Kansas City has a solid group of players down there, with FanGraphs' Eric Longenhagen calling the roster "loaded." He named three pitchers on the roster who are in MLB Pipeline's top 30 Royals prospects as just the tip of the iceberg. But it was a later-round pick in pitcher Shane Van Dam who Longenhagen called "their most impressive arm."

"Van Dam had Tommy John surgery in 2024 and wasn’t back until the very end of the 2025 college season, when he threw just eight innings. This is a 6-foot-5 righty of prototypical pro pitcher build, with a lovely arm action and a plus curveball. Van Dam sat 95-96 during this outing. Context is important: This is a well-rested individual airing it out in short bursts right now, but if this is a thing Van Dam can sustain through the first couple months of the 2026 season, he’s going to be one of the Royals’ better pitching prospects. He had the look of a 40+ FV pitcher on this day, and given how little track record he has due to injury, he’ll enter the offseason on the 40+/40 FV line, which is pretty heavy for a ninth rounder."
Eric Longenhagen, FanGraphs

Longenhagen even filmed Van Dam facing three San Diego Padres batters in an outing, including a plate appearance from rehabbing former All-Star Xander Bogaerts.
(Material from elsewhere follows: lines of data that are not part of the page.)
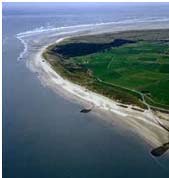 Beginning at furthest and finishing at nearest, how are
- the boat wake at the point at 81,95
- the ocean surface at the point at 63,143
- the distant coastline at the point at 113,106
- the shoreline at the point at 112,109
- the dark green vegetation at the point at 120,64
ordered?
the dark green vegetation at the point at 120,64 → the boat wake at the point at 81,95 → the distant coastline at the point at 113,106 → the shoreline at the point at 112,109 → the ocean surface at the point at 63,143

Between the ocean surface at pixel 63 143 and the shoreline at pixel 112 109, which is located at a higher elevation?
the shoreline at pixel 112 109

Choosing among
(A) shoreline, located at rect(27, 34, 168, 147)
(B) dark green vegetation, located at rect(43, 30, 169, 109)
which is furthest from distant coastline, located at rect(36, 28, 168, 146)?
(B) dark green vegetation, located at rect(43, 30, 169, 109)

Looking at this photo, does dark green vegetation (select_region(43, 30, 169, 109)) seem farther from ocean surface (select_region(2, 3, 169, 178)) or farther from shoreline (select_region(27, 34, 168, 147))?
ocean surface (select_region(2, 3, 169, 178))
Sure, it didn't end well. You win some, you lose some. A rookie in instructional ball facing off against a five-time Silver Slugger winner is often going to favor the batter.

Kansas City drafted Van Dam in the ninth round of this past draft, good for 278th overall. He began his collegiate career with SUNY Cortland in New York before transferring to North Carolina State in 2024 for his sophomore year. Van Dam only made 19 appearances for the Wolfpack across two seasons, working as a reliever and dealing with a UCL tear in May 2024.

After he returned from injury in 2025, he was a multi-inning pitcher and recorded his first career start on May 6. Van Dam feels like a player that teams would expect to slide down this far in the draft. The results were not great, but he varied everywhere from a single-inning reliever to the bulk pitcher in 2024.

Baseball America labelled Van Dam as "a likely reliever in pro ball", and the pitch mix would suggest that is a probable outcome. Fans will only get glimpses of what a player is doing in the instructs, but given Van Dam's build, limited pitch arsenal, and subpar control, the bullpen seems like a quality landing spot.

It is worth noting that Longehagen celebrated Van Dam's curveball on the day, while Baseball America described his primary breaking offering as a "slider with a lot of gloveside sweeping action." Could Kansas City be expanding his arsenal ahead of 2026? It is something worth watching, but that is for next year.